Doritos put that yin-and-yang taste in your mouth that cravers crave. No eating just one chip.
In these tough economic times, it turns out that Doritos, Cheetos, Fritos and other snack foods are helping boost profitability, one chip at a time, for Pepsico, which owns Frito-Lay. Investment analysts say Pepsico’s stock is poised to move higher. That’s important because Clark County has two big connections to the company — a regional Frito-Lay snack factory in west Vancouver and Corwin Beverage Co. in Ridgefield, a regional Pepsi bottler and distributor.
Barron’s analysts made the case last week that despite a 34 percent increase in its stock price since March, Pepsico shares could move higher from the current $63. In fact, they said, “shares at $63 look cheap.”
Even in a challenging economy, snack food sales tend to do well because families eat at home and chips just naturally go on the plate with a hamburgers, hot dogs or chili.
Last year, Pepsico earned $5.9 million on $43.3 billion in sales for a return of $3.68 per share. This year, earnings are expected to increase to $3.76 a share, going to $4.22 in 2010 and maybe to $5 by 2012.
By the way, Pepsico is not a beverage company. Carbonated beverage sales account for just 45 percent of total sales. It’s the snack business that makes the Pepsico business model a powerhouse.
Exercise equipment at the now-defunct Princeton Athletic Club in downtown Vancouver was auctioned off Wednesday. But many bidders who attended, hoping to buy an exercise machine for personal use, walked away disappointed. That’s because an aggregate bidder stepped in and bought the entire inventory, outbidding the collective group of individual bidders. It’s common practice in the auction industry, said a spokeswoman for The Bendis Co., which handled the auction. Aggregate bidders are allowed to come back with a bid 10 percent or more than any prior bids. That’s what happened. But it didn’t sit well with Vancouver’s Perri Stevens. “We were all very upset because we wasted three hours of our time,” Stevens said.
Sales of new passenger cars in Clark County cooled in November after a frenzy of “cash for clunkers” buying that peaked in August.
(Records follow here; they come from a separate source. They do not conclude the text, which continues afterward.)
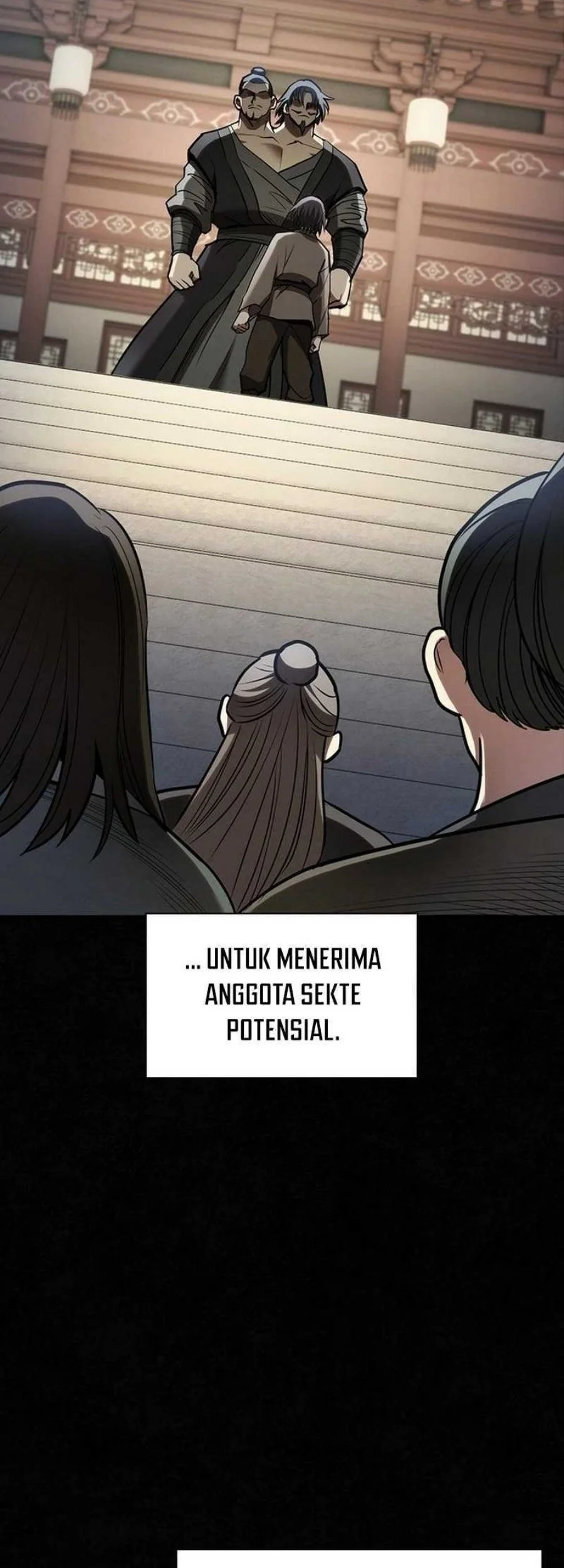 A Spy's Survival In The Demonic Cult Chapter 23 Gambar 7
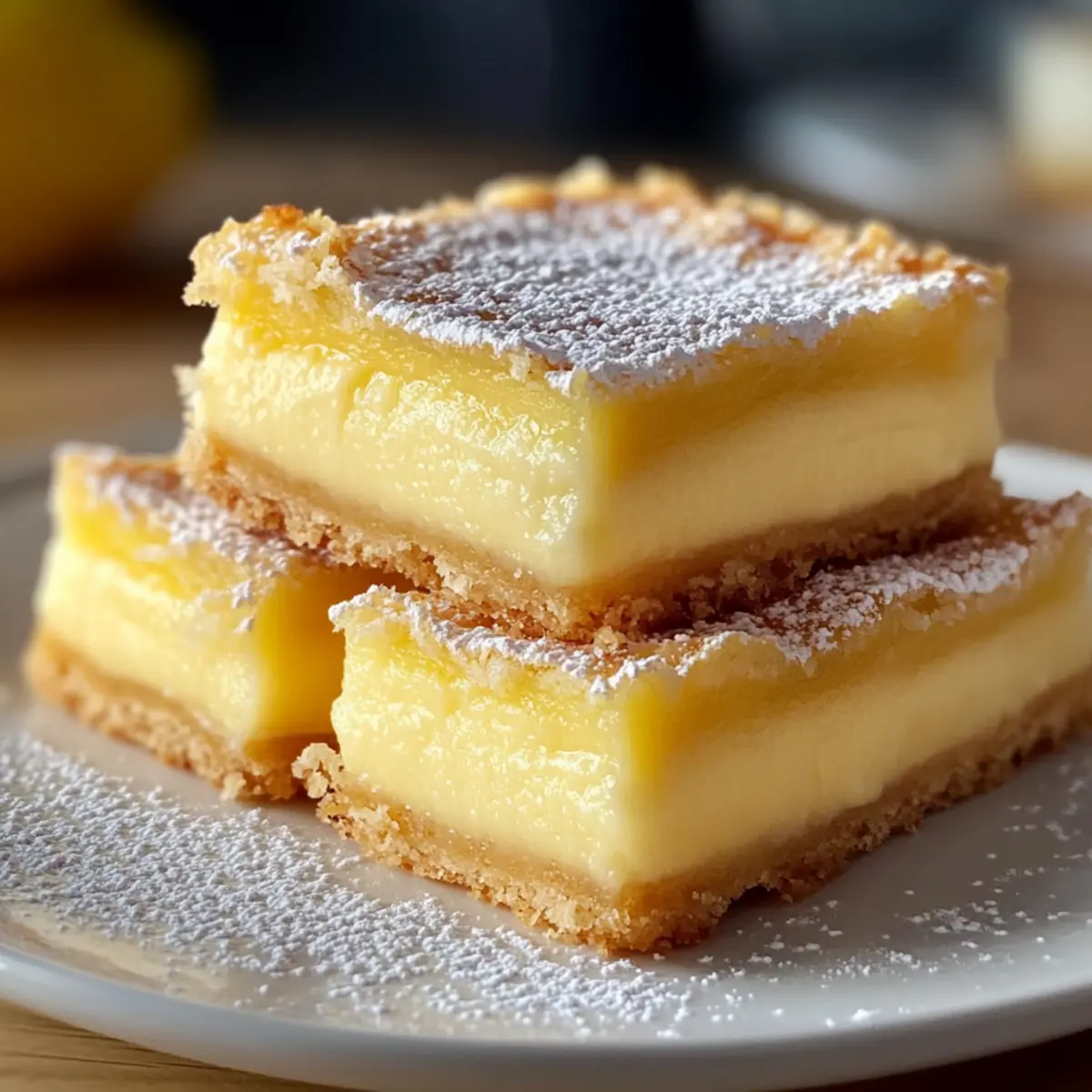 Vanillepudding-Cremeschnitten für süße Genussmomente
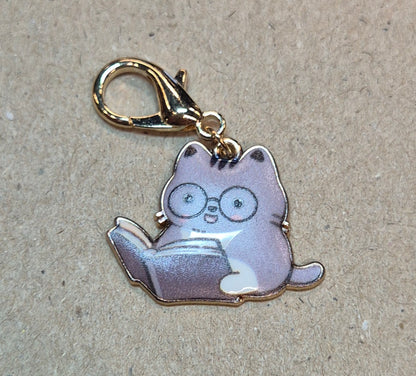 Prjónamerki Lestrarkisur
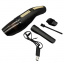 Автомобильный пылесос Vacuum Cleaner HY05 аккумуляторный 2000 mAh Black Петрово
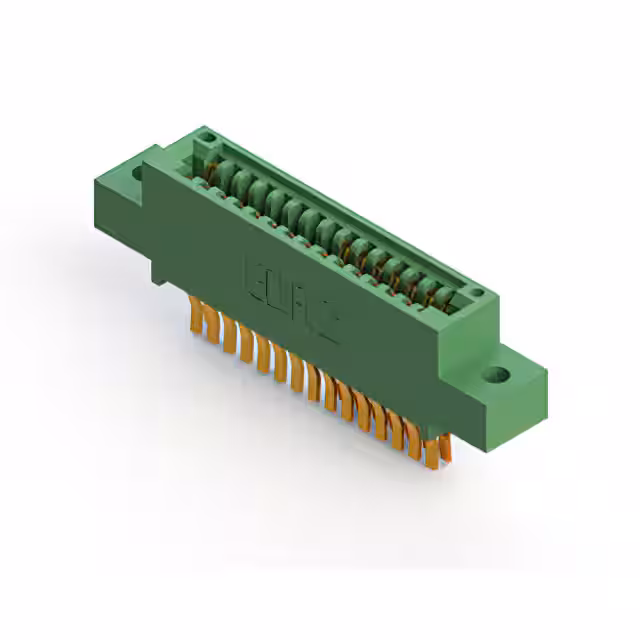 345-030-560-502 EDAC Inc.  Edgeboard Connectors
County residents registered just 474 new car purchases last month, down from 530 in October and 714 in September.
Local auto dealers have been suffering along with the rest of the nation’s industry since late 2008, when the economy turned sour. The only month this year when sales exceeded last year was in August, when 1,125 new car purchases were registered in the county.
Quote of the week
“We should have required (banks to hold) more capital, more liquidity … we should have required more risk-management controls,” Ben Bernanke, Fed chief, told Congress.